Keeping the Virtual Social

Larry Friedlander , Stanford Learning Lab, USA

Session: Socializing Virtual Space

As museums incorporate more virtual experience in their repertoire, they will need to plan new spaces, buildings, wings etc.. that provide the social and technical support for complex hybrid virtual/real activities. In addition to re-designing hardware and enhancing connectivity, museums will need strategies that provide for the flow between on site installations and virtual ones, between social and/or discussion areas and formal exhibit spaces, between stable permanent installations and quickly re-configurable presentation and activity areas.
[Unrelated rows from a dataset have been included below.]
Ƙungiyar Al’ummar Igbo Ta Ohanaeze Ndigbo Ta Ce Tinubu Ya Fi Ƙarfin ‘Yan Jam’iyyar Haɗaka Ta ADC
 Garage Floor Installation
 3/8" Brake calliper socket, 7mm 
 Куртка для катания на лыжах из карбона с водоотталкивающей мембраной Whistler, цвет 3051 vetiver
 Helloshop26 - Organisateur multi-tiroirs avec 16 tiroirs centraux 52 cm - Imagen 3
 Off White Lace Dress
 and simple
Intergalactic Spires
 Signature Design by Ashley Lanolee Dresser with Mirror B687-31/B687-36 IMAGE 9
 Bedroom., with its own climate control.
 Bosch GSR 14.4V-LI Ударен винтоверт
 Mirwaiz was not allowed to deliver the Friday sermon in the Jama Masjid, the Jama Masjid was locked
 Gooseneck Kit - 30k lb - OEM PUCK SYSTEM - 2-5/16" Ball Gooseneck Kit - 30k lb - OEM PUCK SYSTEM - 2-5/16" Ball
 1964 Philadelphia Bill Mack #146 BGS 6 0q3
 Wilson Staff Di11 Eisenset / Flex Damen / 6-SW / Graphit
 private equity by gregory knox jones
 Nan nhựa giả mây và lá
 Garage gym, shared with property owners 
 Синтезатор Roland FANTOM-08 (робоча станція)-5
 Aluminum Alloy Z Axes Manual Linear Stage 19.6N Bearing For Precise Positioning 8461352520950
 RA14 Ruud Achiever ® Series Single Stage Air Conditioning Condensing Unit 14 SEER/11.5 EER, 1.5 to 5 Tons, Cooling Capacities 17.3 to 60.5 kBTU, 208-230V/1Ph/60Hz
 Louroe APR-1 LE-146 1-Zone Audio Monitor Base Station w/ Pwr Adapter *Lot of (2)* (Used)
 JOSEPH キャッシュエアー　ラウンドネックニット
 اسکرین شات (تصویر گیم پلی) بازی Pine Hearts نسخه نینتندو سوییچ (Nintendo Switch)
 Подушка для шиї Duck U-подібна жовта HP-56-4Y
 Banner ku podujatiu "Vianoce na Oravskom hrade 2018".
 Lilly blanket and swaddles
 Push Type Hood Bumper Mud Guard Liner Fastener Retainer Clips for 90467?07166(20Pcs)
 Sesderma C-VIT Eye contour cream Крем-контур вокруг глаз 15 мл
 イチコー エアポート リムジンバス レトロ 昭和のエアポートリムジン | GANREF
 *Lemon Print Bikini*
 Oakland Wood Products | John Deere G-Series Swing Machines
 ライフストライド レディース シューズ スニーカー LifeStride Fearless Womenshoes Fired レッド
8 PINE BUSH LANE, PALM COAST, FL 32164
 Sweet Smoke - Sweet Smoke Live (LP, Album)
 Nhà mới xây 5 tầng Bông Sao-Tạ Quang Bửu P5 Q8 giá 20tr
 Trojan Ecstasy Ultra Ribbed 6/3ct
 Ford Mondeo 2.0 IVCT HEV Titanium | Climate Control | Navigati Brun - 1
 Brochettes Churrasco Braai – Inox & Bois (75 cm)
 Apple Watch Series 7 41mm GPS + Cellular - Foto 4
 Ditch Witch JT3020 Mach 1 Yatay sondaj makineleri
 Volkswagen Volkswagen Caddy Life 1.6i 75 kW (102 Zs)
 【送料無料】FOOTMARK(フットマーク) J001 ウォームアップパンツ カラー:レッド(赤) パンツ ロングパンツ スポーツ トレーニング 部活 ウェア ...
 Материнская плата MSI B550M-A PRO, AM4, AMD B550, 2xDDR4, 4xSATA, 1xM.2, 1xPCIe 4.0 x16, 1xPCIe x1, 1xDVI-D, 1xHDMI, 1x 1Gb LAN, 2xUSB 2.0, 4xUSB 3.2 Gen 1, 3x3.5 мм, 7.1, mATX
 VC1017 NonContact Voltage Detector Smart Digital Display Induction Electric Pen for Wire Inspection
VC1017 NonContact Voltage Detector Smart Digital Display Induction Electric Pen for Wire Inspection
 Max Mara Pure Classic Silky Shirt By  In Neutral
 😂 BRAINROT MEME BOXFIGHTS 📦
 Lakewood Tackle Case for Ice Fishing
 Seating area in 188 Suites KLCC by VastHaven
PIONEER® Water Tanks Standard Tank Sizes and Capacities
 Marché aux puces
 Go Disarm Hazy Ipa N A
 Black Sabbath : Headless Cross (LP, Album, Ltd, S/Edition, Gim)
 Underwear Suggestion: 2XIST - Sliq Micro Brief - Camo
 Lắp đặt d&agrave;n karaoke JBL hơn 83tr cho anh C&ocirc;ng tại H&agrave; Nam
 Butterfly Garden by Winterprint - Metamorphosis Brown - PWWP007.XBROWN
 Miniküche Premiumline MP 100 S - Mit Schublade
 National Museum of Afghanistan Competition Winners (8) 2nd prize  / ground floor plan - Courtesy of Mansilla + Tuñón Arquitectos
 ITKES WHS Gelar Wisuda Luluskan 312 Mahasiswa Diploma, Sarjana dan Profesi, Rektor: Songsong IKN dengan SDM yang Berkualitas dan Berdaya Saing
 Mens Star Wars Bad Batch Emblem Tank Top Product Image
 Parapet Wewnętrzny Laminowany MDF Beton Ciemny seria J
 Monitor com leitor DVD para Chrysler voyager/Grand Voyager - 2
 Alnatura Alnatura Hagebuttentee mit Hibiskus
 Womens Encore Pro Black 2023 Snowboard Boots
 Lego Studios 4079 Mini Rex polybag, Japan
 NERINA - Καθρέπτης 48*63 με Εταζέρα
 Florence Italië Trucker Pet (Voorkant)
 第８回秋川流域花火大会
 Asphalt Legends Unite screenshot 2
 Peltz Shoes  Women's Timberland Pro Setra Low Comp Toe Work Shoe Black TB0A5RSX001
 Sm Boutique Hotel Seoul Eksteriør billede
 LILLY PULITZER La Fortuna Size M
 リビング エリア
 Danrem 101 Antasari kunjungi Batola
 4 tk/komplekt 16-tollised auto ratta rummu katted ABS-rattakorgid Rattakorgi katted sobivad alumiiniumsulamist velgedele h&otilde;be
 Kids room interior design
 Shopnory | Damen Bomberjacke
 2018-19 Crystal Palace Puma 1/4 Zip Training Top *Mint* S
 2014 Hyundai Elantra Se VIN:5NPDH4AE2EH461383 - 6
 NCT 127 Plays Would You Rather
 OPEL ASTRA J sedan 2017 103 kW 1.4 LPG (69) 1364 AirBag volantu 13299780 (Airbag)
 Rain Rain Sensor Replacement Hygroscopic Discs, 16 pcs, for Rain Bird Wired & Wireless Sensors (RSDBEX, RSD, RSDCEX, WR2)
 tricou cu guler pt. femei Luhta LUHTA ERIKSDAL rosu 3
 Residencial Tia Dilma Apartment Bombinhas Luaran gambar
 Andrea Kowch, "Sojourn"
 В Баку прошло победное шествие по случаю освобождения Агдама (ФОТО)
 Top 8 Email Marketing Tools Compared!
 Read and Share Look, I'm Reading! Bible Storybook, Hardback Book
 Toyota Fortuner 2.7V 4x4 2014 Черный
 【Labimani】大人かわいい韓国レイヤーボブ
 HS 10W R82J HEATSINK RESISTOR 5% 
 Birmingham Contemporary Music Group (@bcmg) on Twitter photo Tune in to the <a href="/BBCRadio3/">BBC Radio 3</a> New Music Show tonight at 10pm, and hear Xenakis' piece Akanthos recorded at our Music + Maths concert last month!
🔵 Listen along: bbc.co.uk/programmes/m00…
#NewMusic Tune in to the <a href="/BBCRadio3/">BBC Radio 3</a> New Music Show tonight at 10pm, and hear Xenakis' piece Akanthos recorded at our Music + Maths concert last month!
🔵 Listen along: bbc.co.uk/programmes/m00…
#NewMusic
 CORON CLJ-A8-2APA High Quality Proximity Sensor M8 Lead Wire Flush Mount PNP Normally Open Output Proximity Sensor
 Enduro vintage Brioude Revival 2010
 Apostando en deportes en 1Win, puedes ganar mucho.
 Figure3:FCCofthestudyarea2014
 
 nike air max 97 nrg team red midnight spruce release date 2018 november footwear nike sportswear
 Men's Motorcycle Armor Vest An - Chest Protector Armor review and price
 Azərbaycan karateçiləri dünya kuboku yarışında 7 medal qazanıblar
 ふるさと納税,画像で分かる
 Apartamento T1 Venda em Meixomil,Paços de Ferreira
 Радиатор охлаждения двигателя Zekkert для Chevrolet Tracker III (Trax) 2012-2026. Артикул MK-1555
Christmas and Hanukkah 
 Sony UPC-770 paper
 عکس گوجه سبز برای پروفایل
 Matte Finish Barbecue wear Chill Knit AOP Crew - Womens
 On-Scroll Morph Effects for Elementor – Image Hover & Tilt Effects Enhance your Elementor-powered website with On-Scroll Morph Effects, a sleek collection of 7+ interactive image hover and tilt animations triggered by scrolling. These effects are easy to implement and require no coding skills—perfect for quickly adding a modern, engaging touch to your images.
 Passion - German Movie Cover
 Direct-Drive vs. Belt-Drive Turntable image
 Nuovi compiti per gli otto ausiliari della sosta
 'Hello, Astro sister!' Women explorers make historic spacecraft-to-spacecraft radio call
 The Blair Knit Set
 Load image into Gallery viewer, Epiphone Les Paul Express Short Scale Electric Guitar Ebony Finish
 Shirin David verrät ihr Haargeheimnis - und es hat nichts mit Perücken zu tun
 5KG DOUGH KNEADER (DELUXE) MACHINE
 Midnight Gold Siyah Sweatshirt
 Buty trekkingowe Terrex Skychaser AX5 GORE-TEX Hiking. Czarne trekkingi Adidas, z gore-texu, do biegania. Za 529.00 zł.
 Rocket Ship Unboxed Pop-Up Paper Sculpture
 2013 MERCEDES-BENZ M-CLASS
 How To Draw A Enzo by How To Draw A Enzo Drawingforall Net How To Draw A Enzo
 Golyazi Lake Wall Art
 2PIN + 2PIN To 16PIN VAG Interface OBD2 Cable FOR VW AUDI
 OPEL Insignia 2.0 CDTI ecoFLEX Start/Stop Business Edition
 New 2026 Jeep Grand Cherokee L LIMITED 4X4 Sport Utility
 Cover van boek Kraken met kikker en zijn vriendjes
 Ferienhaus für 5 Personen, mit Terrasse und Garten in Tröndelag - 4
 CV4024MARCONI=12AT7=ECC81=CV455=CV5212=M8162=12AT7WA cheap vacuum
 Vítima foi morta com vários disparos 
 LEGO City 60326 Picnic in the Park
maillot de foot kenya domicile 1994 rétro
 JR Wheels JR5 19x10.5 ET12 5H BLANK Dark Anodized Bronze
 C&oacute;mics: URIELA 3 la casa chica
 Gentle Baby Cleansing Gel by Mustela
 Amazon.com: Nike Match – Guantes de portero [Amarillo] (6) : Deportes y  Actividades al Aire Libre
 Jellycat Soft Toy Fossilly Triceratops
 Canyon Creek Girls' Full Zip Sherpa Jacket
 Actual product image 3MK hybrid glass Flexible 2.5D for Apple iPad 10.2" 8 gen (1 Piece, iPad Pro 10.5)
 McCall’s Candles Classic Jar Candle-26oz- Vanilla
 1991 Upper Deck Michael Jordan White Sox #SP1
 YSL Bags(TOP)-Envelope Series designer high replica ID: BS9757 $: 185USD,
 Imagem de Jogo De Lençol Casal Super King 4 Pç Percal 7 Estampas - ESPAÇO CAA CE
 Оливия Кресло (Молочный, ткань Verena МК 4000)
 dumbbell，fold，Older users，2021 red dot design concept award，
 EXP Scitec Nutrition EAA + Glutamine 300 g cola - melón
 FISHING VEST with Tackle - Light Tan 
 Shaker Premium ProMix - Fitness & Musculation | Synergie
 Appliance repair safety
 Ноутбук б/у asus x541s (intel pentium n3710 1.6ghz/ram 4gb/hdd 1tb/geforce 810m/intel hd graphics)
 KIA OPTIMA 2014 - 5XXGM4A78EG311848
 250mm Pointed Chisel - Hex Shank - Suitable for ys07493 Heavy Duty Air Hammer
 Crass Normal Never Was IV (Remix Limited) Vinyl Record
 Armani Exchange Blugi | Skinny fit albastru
In the following article, I describe plans for a new building at Stanford University which is being designed by the Stanford Learning lab to specifically address these problems for education and cultural enterprises. The building will house anew center, the Wallenberg Global Learning Center (WGLC), which unites a group of international partners in projects that explore the intricacies of learning and culture in a global age. The building will feature new space and technical configurations that support complex, dynamically changing global collaborations, including fluid interchanges between formal and informal spaces, built- in building memories', and reconfigurable formats designed to facilitate complex virtual and on site experiences. Though intended for use on the campus, the building should help prototype new spaces being planned for museums. The design of the WGLC will reflect the SLL's belief that learning is a social activity, arising out of the rich personal relations between teachers and students, and between students and their peers. We want virtual environments to enhance and not reduce the social and active nature of learning. Technology is a double-faced sword: it can reduce the density of these connections or it can serve to facilitate collaboration and knowledge sharing between individuals from different backgrounds and to firmly embed learning in particular life experiences and environments. Our spaces will provide for a new syntheses of theory , practice, dialogue, and exploration by integrating distant and on-site experiences and by forming communities out of diverse and distributed participants.